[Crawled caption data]
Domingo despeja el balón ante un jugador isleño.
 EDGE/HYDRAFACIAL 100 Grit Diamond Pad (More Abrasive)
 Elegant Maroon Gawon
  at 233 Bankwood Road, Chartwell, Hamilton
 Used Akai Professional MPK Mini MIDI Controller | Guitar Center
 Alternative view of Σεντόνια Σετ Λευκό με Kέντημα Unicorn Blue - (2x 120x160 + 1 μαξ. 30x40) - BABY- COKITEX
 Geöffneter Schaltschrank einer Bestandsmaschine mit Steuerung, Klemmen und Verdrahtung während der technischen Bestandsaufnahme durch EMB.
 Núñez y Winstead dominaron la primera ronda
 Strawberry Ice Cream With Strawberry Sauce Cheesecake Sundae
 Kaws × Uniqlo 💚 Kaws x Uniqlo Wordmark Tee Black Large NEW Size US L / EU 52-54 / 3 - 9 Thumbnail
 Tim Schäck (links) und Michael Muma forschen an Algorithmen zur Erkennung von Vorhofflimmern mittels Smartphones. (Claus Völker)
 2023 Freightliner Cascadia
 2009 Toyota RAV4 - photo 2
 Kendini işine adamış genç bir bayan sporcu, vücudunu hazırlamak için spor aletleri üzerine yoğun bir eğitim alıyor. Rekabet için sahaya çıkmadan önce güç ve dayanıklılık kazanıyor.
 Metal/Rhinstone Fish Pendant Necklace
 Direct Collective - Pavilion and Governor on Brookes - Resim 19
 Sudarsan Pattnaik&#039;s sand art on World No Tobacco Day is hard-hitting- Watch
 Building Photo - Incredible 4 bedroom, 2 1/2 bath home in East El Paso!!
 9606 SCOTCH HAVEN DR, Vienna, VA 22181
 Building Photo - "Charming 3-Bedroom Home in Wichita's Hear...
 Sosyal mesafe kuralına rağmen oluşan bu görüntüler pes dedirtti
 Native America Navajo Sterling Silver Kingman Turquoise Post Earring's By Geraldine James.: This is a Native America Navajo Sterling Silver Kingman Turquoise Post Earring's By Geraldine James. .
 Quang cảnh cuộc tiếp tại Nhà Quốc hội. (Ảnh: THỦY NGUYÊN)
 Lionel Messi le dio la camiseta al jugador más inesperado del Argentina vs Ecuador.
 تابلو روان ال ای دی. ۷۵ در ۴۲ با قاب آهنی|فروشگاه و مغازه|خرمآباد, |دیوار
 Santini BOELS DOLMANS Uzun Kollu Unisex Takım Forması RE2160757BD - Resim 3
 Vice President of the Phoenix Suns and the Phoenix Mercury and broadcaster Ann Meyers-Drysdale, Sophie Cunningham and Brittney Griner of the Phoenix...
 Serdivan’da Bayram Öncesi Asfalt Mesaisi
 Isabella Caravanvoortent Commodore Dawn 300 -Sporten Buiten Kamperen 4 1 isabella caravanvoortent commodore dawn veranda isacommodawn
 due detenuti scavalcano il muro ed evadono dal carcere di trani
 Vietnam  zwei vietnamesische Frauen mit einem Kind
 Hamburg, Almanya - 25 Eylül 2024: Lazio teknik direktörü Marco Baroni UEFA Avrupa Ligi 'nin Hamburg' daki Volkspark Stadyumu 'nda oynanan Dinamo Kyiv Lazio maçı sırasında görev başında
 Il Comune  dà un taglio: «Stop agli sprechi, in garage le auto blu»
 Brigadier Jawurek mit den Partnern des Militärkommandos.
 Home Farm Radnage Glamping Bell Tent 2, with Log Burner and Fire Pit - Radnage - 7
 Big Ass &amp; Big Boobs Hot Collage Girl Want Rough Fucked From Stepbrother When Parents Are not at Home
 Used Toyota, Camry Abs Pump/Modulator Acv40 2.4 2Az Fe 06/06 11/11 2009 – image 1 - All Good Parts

Task details:
From the line that has "Building Photo - Incredible" through the line that has "Sosyal mesafe kuralına", copy every line exactly as it appears above, and leave out all others.

Exercise result:
 Building Photo - Incredible 4 bedroom, 2 1/2 bath home in East El Paso!!
 9606 SCOTCH HAVEN DR, Vienna, VA 22181
 Building Photo - "Charming 3-Bedroom Home in Wichita's Hear...
 Sosyal mesafe kuralına rağmen oluşan bu görüntüler pes dedirtti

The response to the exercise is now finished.